Anthony: It’s fundamentally a game-changer. Being able to understand your entire ecosystem is important for a couple of reasons. I like to use a different example for this, namely zombie movies. In a zombie movie, you run into a house and you’re setting up booby traps all around the house. To do so successfully, you have to know where all the doors and windows are. And if you don’t, you’re probably going to have a bad night, right? It’s going to be important for you to say, “Hey, these are the entry points and exit points of this thing that we’re protecting.” One of the things I love about Expanse is you really get that visibility of saying, “Hey, these are all the doors and here are the windows. Hey, by the way, we keep seeing somebody peek through that door. Did you know someone was breaking into your house right under your nose? We can help you fix that.”
The aspect of complete visibility is similar and very powerful because it enables you to make different decisions. A lot of security organizations will say that they monitor every aspect of the network, but security teams will invest time, money and resources to monitor things that probably aren’t needed on the high priority scale. Full visibility into the asset inventory enables you to apply resources and protection mechanisms where they are needed for most impact.
Sherry: What are some struggles that occur when an organization moves to the cloud?

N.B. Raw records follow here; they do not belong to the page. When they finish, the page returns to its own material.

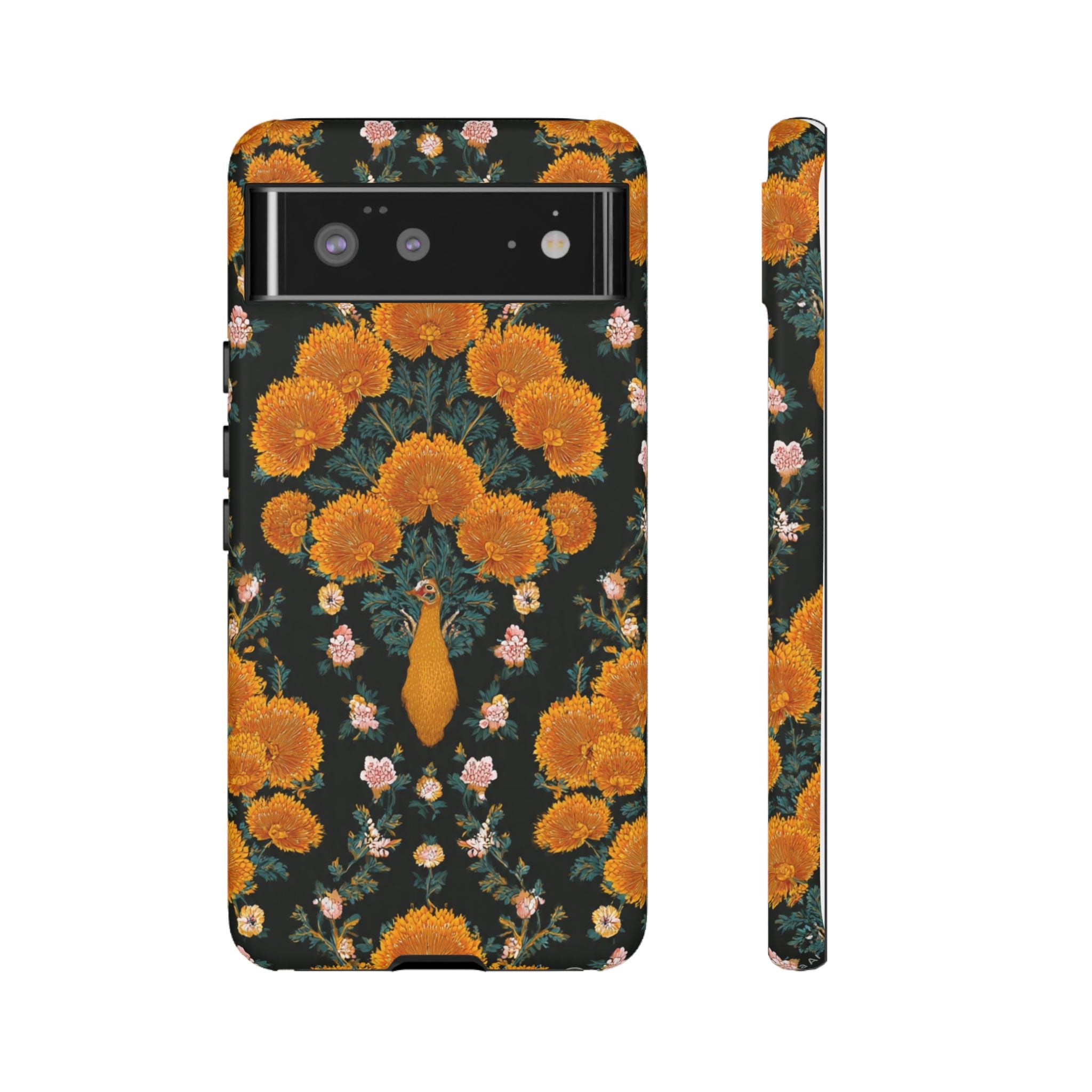 Marigold Mirror Phone Case — Floral Protective Phone Cover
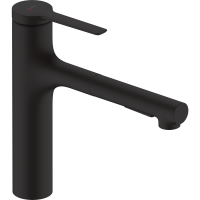 Смеситель для кухонной мойки hansgrohe Zesis M33 160, с вытяжным душем 2jet 74801670, матовый черный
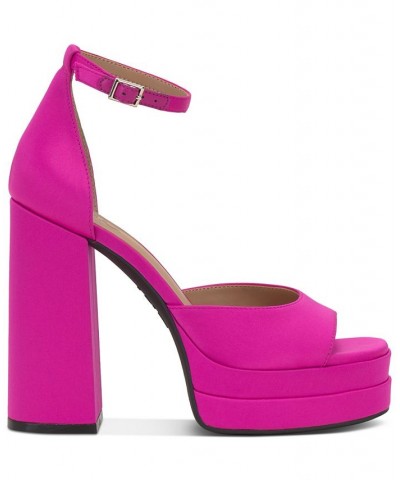 Women's Arya Platform Sandals Pink $32.85 Shoes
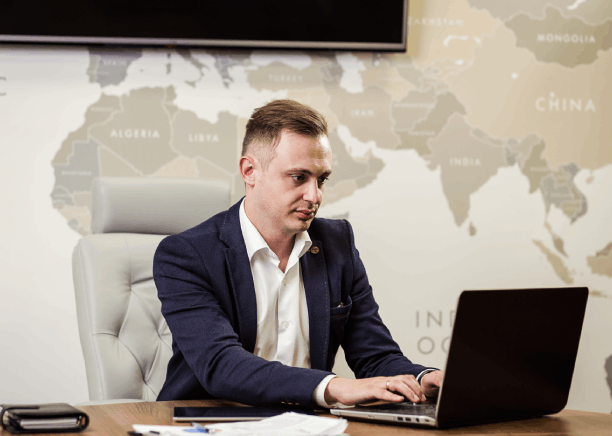 A manager edits a global expansion market brief with Translation Services in Union City to match local cultures.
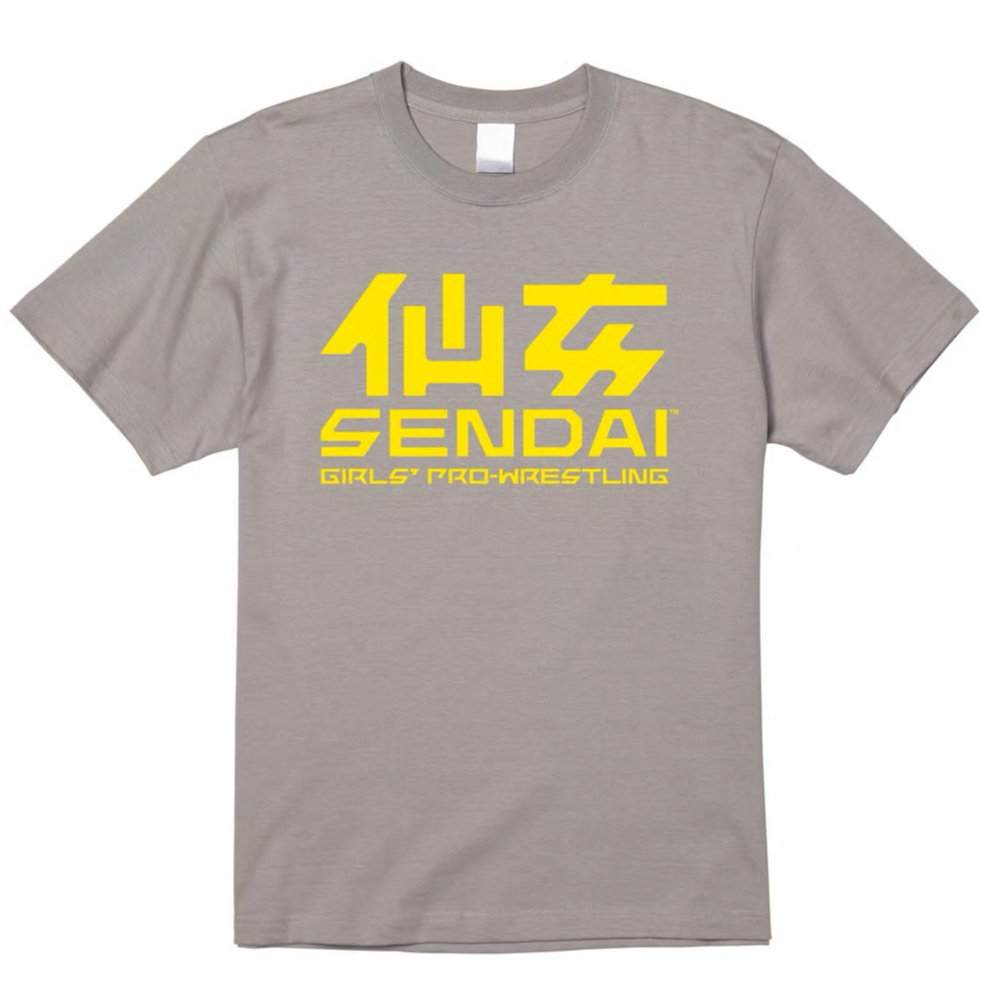 頂き女子tシャツ 仙女定番Tシャツ【ライトグレー×イエロー】 | SHOP-SENJO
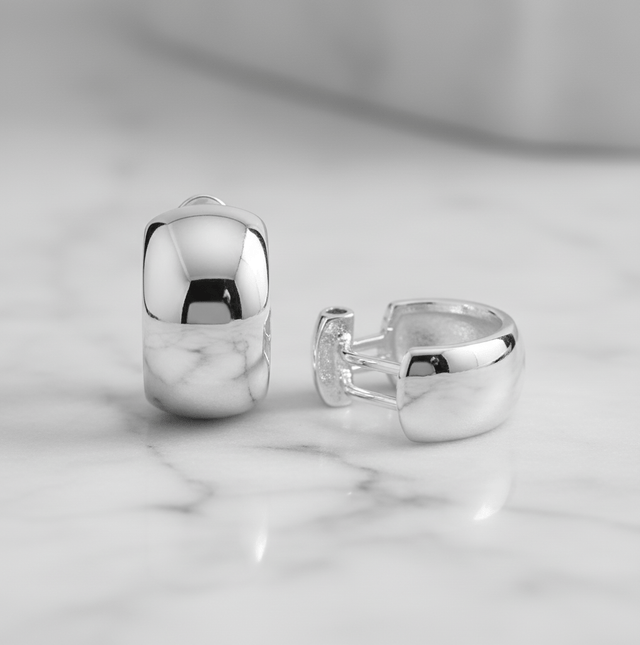 Ohrclip 925 Sterling Silber rhodiniert glanz - Avrum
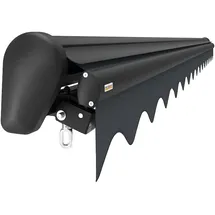Spettmann Halbkassette SUN LED 400 x 300 cm grau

Anthony: Part of it is making sure that everyone is clear on what the definition of complete is. Without a complete asset inventory, you don’t know what may be left behind or which parts are still struggling. Even more so when an organization acquires or merges with another organization that is in the cloud, making it more difficult to know what parts of that organization are vulnerable or open to bad actors. That’s where comprehensive visibility and solutions like Expanse provide an organization with the ability to know what was left behind and what areas in their network are still exposed.

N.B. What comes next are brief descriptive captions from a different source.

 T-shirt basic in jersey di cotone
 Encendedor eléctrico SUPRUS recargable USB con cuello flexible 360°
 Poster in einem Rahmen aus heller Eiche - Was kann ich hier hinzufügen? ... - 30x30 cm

Sherry: What are the front-burner threats for organizations?
Anthony: One of the largest threats for an organization is the security team not understanding the business of the organization. If that is the case, they’re going to make risk decisions that don’t actually relate to the overall business of the company. In short, they will make the business go slower than it needs to, because of a lack of understanding.
Sherry: Should there be a Sarbanes–Oxley Act for security?
Anthony: There should be some sort of a requirement or minimum standards for service providers that are supporting and providing services to the broader masses. For example, for small to medium businesses that can’t keep up with the complexity of threats, there should be some aspect of legislation or model such as a utility service or the government taking over a certain aspect of security to aid them with the complexity of threats.
Sherry: What is your proudest professional moment?
Anthony: A very proud moment was when I worked with a junior associate who when I came into the organization, I was told she needed to go. The org told me, “This is someone who is not salvageable, you need to find an exit path for her.” Instead, I spent time with her and helped her develop a plan and define what success was, together. I realized that she had a good skill set but she was in the wrong role. Through coaching and mentoring, we put her on a project management path. She is now a successful program manager.
Sherry: What do you like to do outside of work?
Anthony: Outside of work, I am a PC gamer. I’ve had a group of friends for around 13 years that meet up and play different PC games. Beyond that, I really enjoy tinkering with every aspect of technology. I actually spent a couple of years of programming drones before they became commercialized. However, my real R&R is PC gaming.